Task to carry out: An exact copy of the data is required, with no pictures in it.

(Materials provided begins)

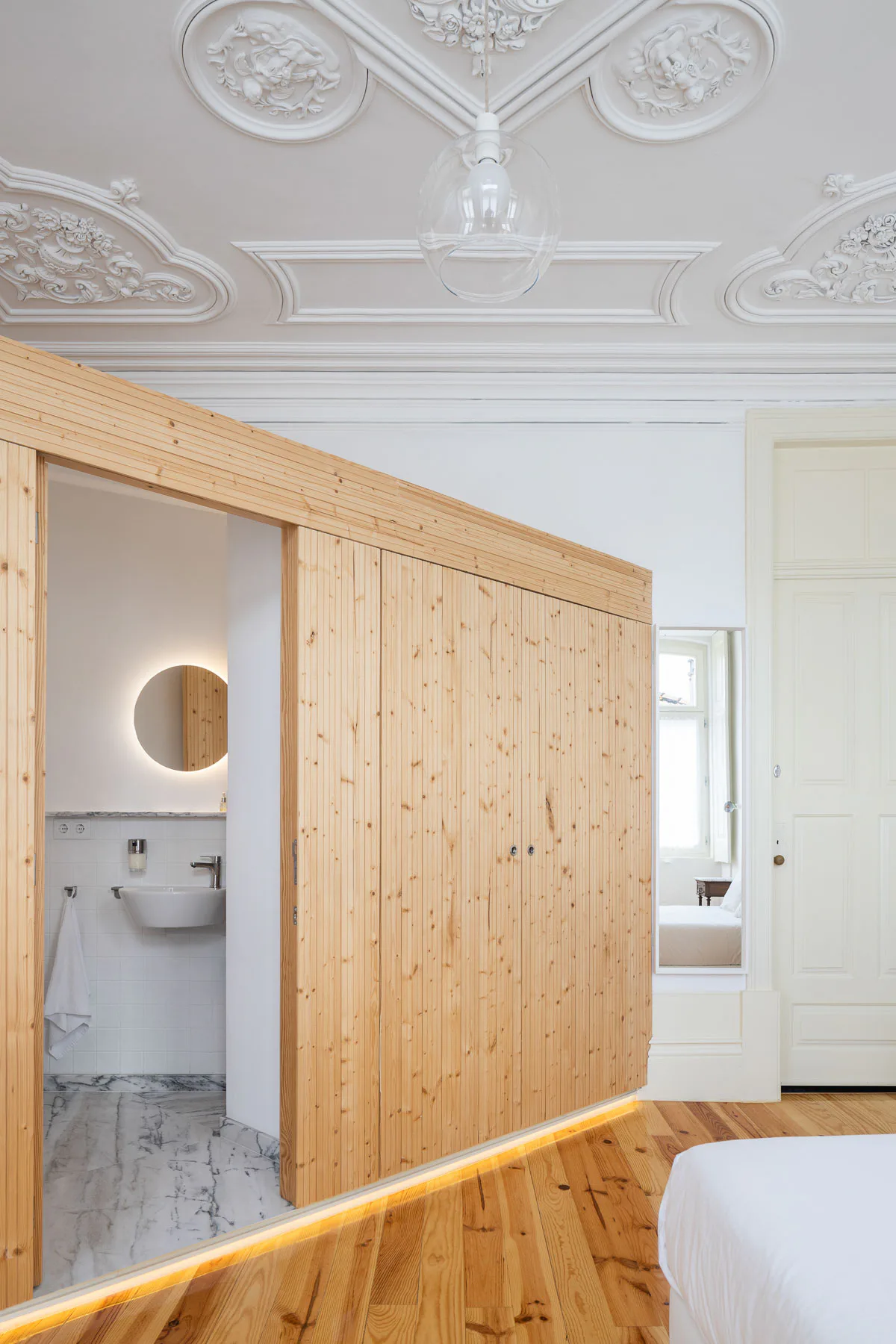 Der sanierte Bestand bildet einen reizvollen Kontrast zu den minimalistischen Holzkörpern.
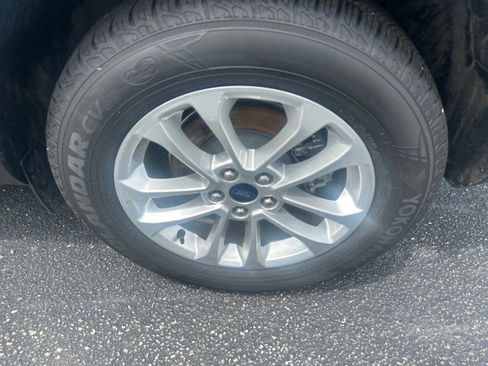 Used 2022 Ford Escape SE w/ Convenience Package image 9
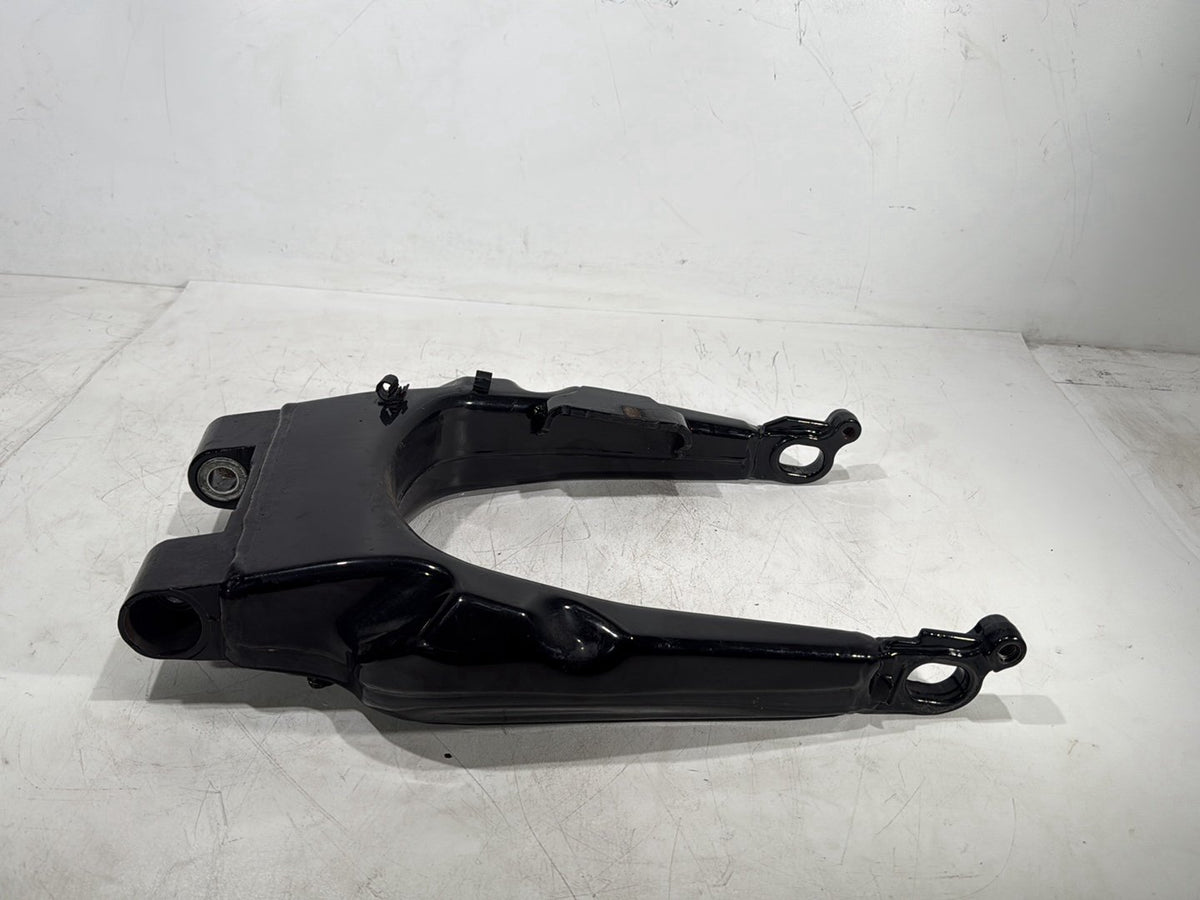 2015 Harley Road Glide Touring FLTRXS OEM Rear Fork Swingarm Swing Arm 47549-09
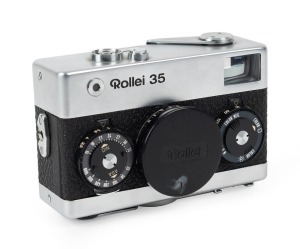 FRANKE & HEIDECKE: German-made Rollei 35 compact camera, circa 1967, with Tessar 40mm f3.5 lens [#5527212] and plastic front lens cap.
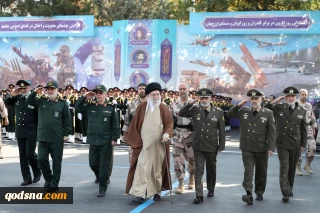 رهبر انقلاب در دانشگاه افسری امام علی (ع)

رژیم صهیونیستی یک شکست غیرقابل ترمیم خورده است / ما پیشانی و بازوی طراحان مدبر و هوشمند و جوانان فلسطینی را می‎بوسیم / دشمن خبیث صهیونیستی حالا که سیلی را خورده سیاست مظلوم‌نمایی در پیش گرفته است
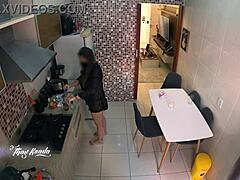 Wow! Hot Wife Thay Ksada Flashes Delivery Man After Shower!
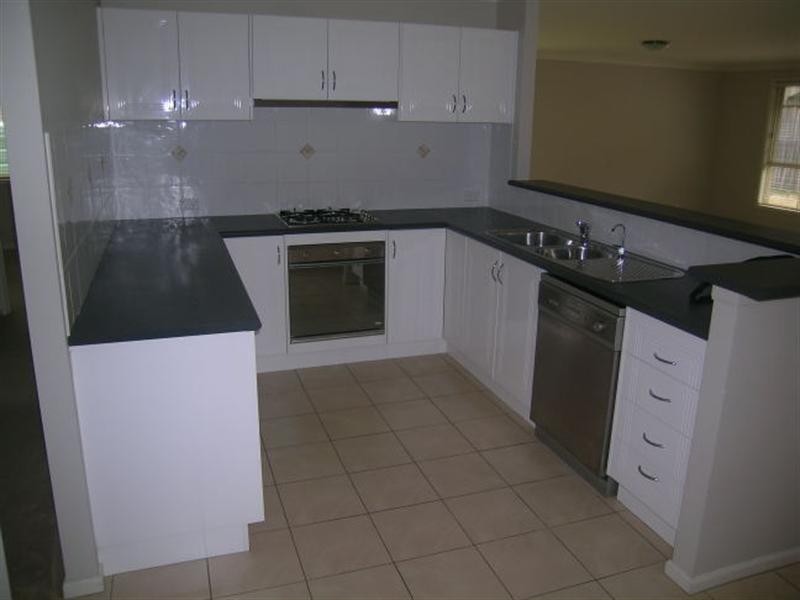 25 Passage Way, Bateau Bay NSW 2261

(Materials provided ends)

Response to this exercise:
 Der sanierte Bestand bildet einen reizvollen Kontrast zu den minimalistischen Holzkörpern.
 Used 2022 Ford Escape SE w/ Convenience Package image 9
 2015 Harley Road Glide Touring FLTRXS OEM Rear Fork Swingarm Swing Arm 47549-09
 FRANKE & HEIDECKE: German-made Rollei 35 compact camera, circa 1967, with Tessar 40mm f3.5 lens [#5527212] and plastic front lens cap.
 رهبر انقلاب در دانشگاه افسری امام علی (ع)

رژیم صهیونیستی یک شکست غیرقابل ترمیم خورده است / ما پیشانی و بازوی طراحان مدبر و هوشمند و جوانان فلسطینی را می‎بوسیم / دشمن خبیث صهیونیستی حالا که سیلی را خورده سیاست مظلوم‌نمایی در پیش گرفته است
 Wow! Hot Wife Thay Ksada Flashes Delivery Man After Shower!
 25 Passage Way, Bateau Bay NSW 2261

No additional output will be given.